The proposal to drop value‑added tax on basic foods would give every household a modest monthly relief, economists say. Economic researcher Tobias Hentze from the German Economic Institute (IW) estimates that, depending on household size and shopping habits, households could save about €15 to €30 each month. On the other hand, he warns that the state would lose as much as €16 billion per year in tax revenue.
Tax specialist Friedrich Heinemann of the German Institute for Economic Research (ZEW) arrives at a similar conclusion. He estimates that individuals would save roughly €15 to €20 per month, while the government would see a roughly €17 billion annual loss.
Both researchers doubt that the full 7 % to 0 % cut would be fully passed on to consumers.
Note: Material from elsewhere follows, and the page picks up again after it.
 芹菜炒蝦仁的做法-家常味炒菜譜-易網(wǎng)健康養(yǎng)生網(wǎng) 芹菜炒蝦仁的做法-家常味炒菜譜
Heinemann says that only about half to three‑quarters of the tax reduction would translate into lower prices for shoppers. Hentze points out that many affected products would see only a few cents price change, so merchants might absorb part of the cut, and that any savings would diminish quickly as higher production or wage costs are passed back into prices.
German Chancellor‑candidate Jens Spahn (CDU) has floated a complete elimination of the tax on staple foods. He says that, as part of a broader package, a zero‑percent VAT on essential groceries could help curb inflation, which he argues is rising again amid the cost‑driven pressures of the Iran conflict and higher oil and fuel prices.